My Favorite Thief
Although I’ve enjoyed the characters Karyn Monk created for this series, the execution of their stories falls a little flat. I looked forward to this story, as the heroine, Charlotte, is one of the most interesting of the recurring characters. But one of my least favorite plot devices (a blackmail plot) ruined what could have been an excellent read. (Note: although this book was published after The Wedding Escape, the events actually take place eight years before that story.)
Charlotte Kent is not your average society miss. Not only is she a former thief who spent time in prison (even though she was only nine years old at the time), she is crippled and has trouble walking. It is only because her foster parents have a high social status that she and her foster siblings are accepted at all. Her sisters made advantageous marriages, but Charlotte is running a house for reformed prostitutes and young thieves that doesn’t bring her any respect from the aristocracy.
At a dinner party one evening, Charlotte happens upon a thief stealing the hostess’ jewels. Instead of screaming, running or anything else one would expect from a lady, she gives the thief some pointers. When the burglary goes awry, she helps him make his escape, as his hostage. (Can you say poor judgment?)
Harrison Payne, the earl of Bryden, is getting too old to play the “Dark Shadow,” sneaking in and out of houses for jewels. This is evidenced by the latest debacle involving an innocent woman helping him with his caper. In the ensuing chaos after her abduction, Harry is shot, and without Charlotte’s help, would have certainly ended up in jail.

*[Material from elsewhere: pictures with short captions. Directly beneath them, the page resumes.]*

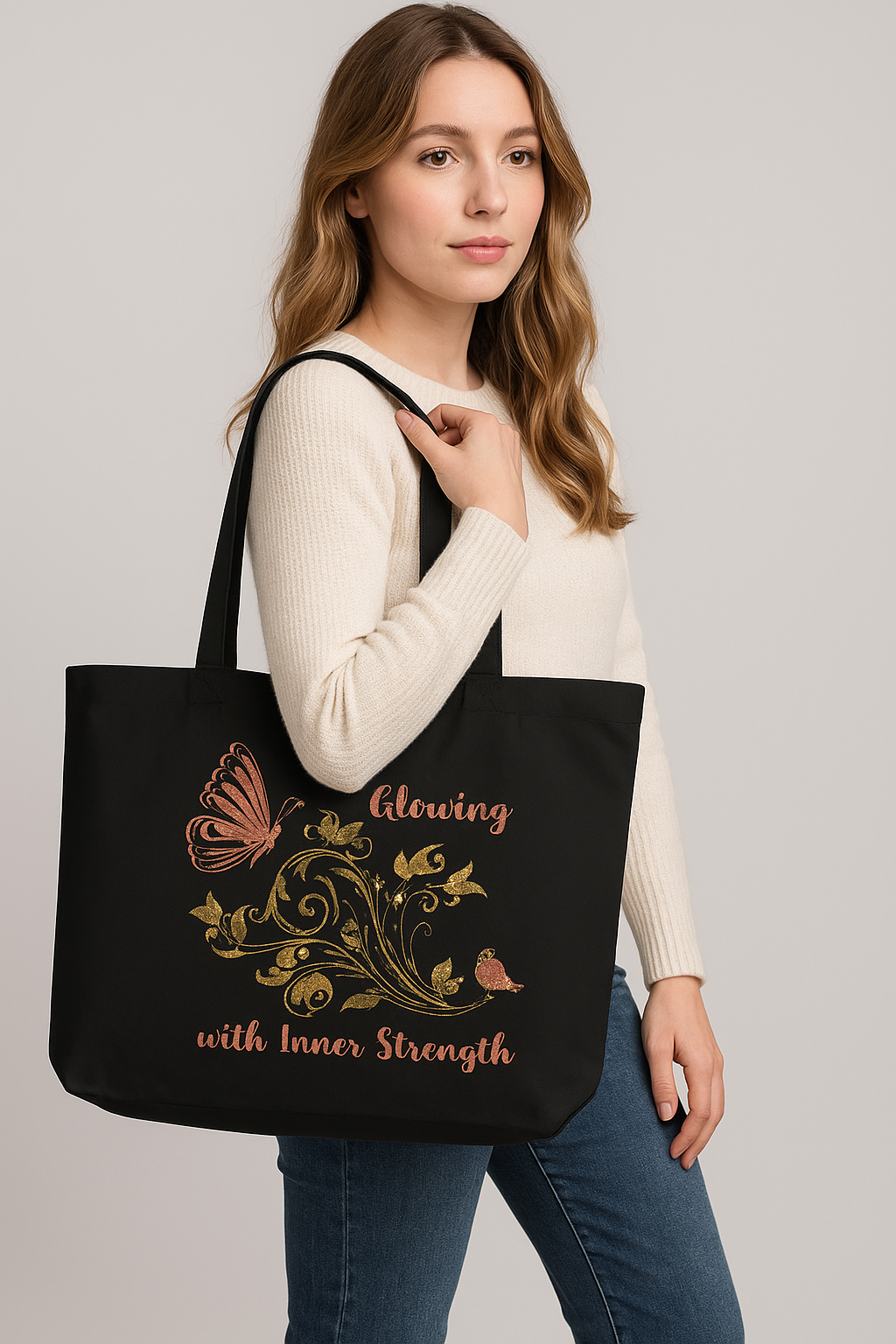 Unwavering Spirit – Artistic Butterfly Organic Cotton Large Tote Bag
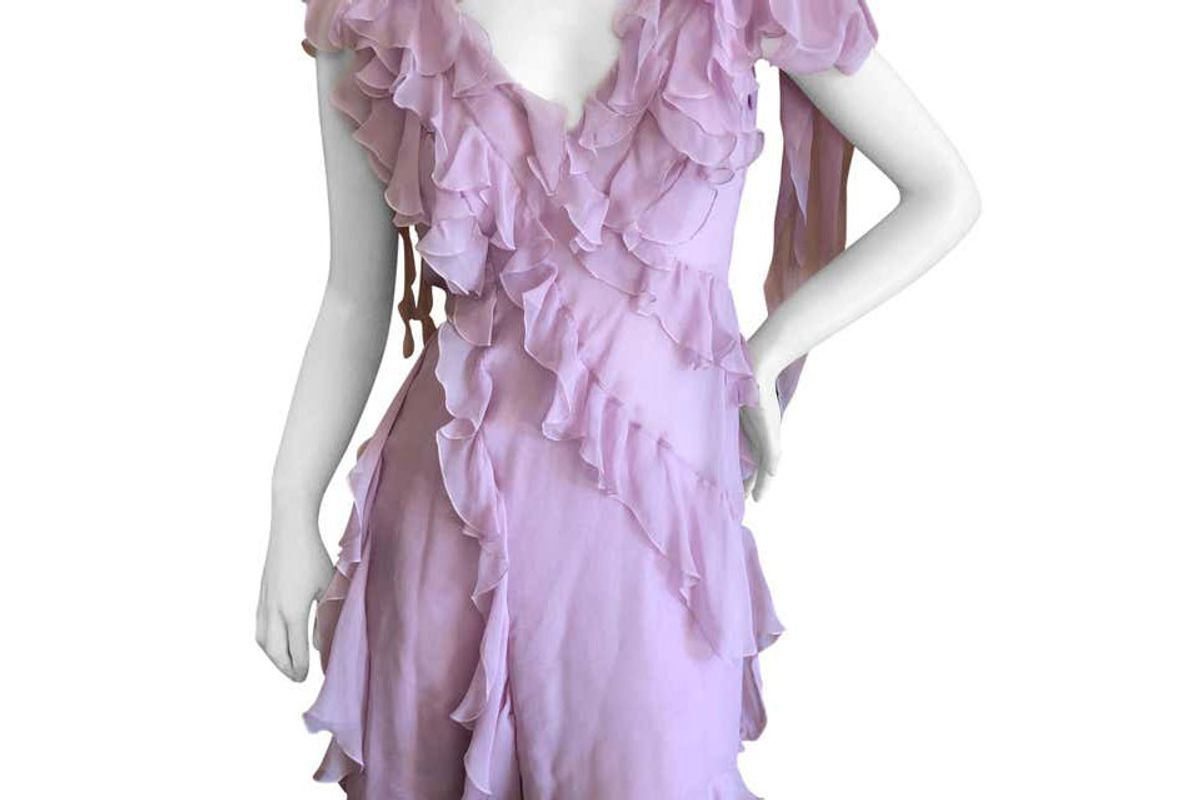 versace sweet silk chiffon ruffled cocktail dress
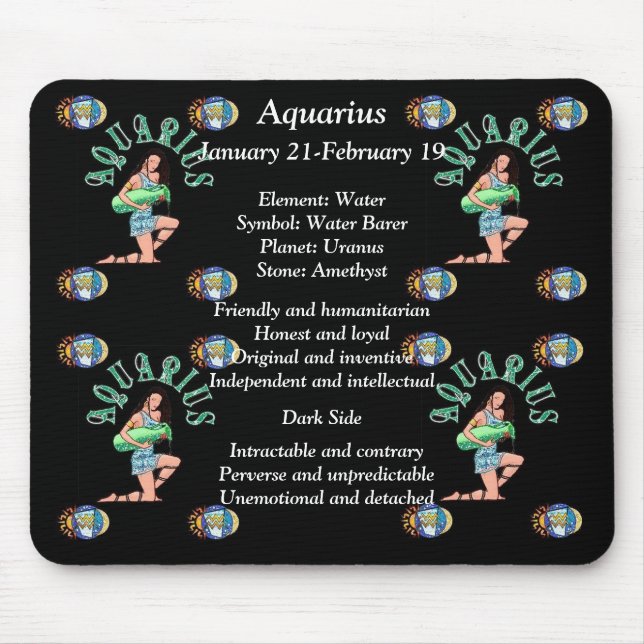 Aquarius Birth Sign Zodiac Mouse Pad (Front)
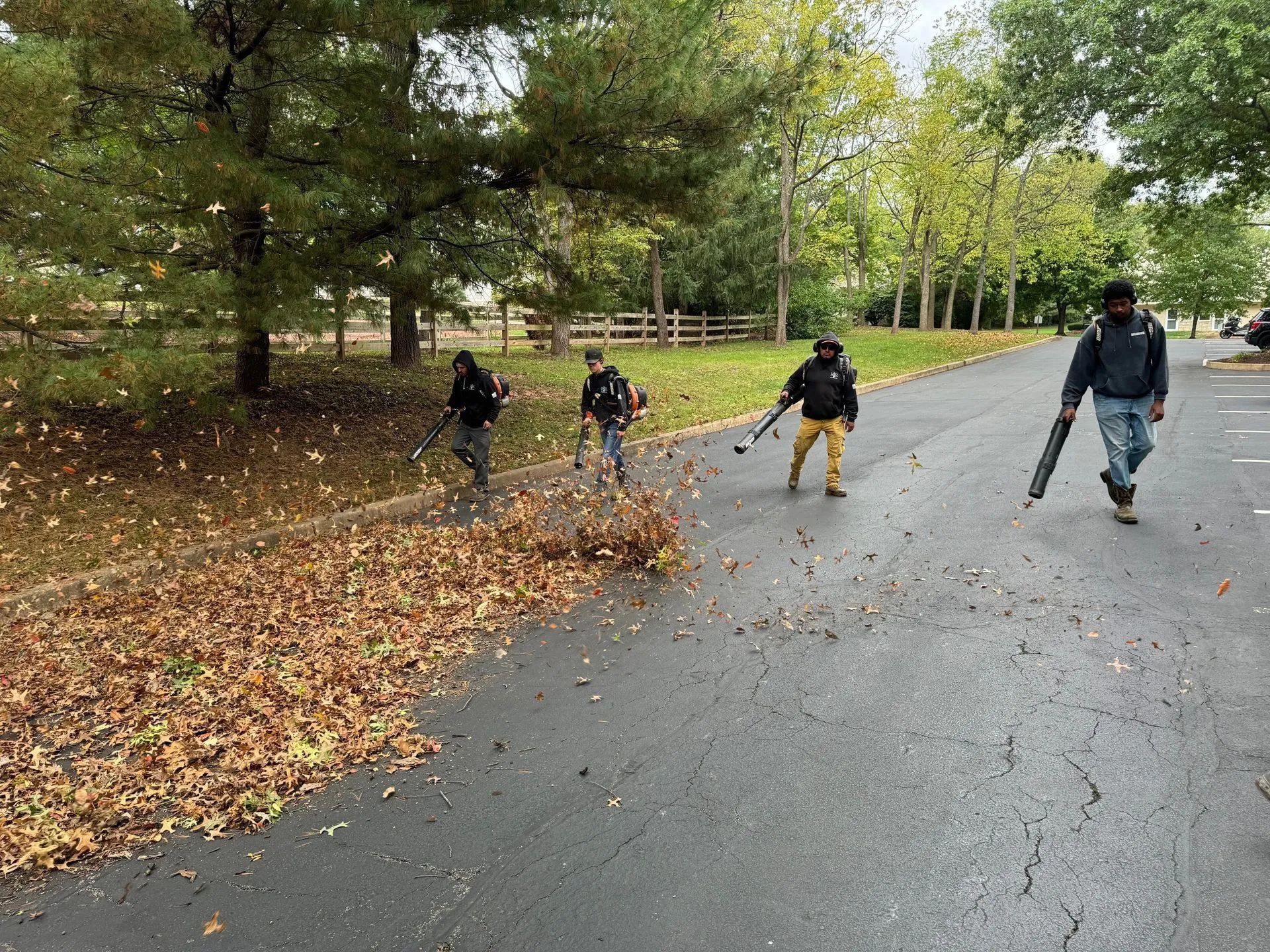 Four people in dark gear rake leaves along a tree-lined road in a park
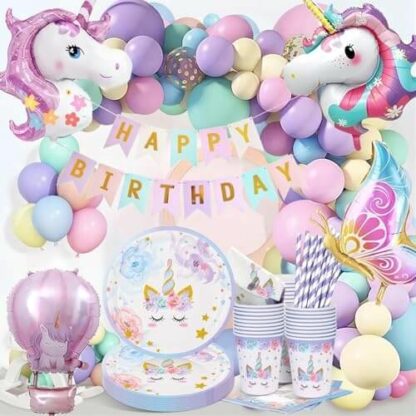 Magie Licorne - Décoration d'anniversaire complète - Kit accessoires enfant fille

Harry has a particular reason for his escapades, and is drawn to the kind and unconventional Charlotte. Then she turns around and blackmails him for a large sum of money to keep his identity a secret. She refuses to reveal why she needs the money, and says she cannot ask her family for help, even though they are financially well-off.
This is where the plot weakens. Charlotte’s horrible past comes back to haunt her, and anyone would be scared. But she’s been surrounded by a loving family for years now and one simple word from her about what was happening would have resolved the situation. The villain in the story really isn’t powerful enough to withstand all her brothers, her father, and Harry. By the time Charlotte realizes this fact, a large portion of the book has been wasted worrying over the problem.
Much more interesting to me was the “Dark Shadow.” Harry’s secret could destroy his family, and watching that story unfold, as well as Charlotte’s reaction to Harry’s life, provided a great deal more entertainment than Charlotte’s villain. In addition, the blackmail plot did not showcase Charlotte at her best. She turned from a strong, interesting woman into a scared rabbit, running from one trap to another to escape her past. Her refusal to ask for any help made her seem stubborn and nonsensical.
Eventually, Charlotte comes to her senses and reveals her secret to Harry. At this point, the two truly come together to work as a team and the book once again grabbed my attention. The resolution of Harry’s secret comes as no surprise for the discerning reader, but it provides a nice secondary romance for one of Charlotte’s “girls.”
Although I ultimately enjoyed My Favorite Thief, it was an uneven read and I cannot truly recommend it. Fans of this series will probably want to take a look, but new readers would be better served to look elsewhere for a better example of this author’s work.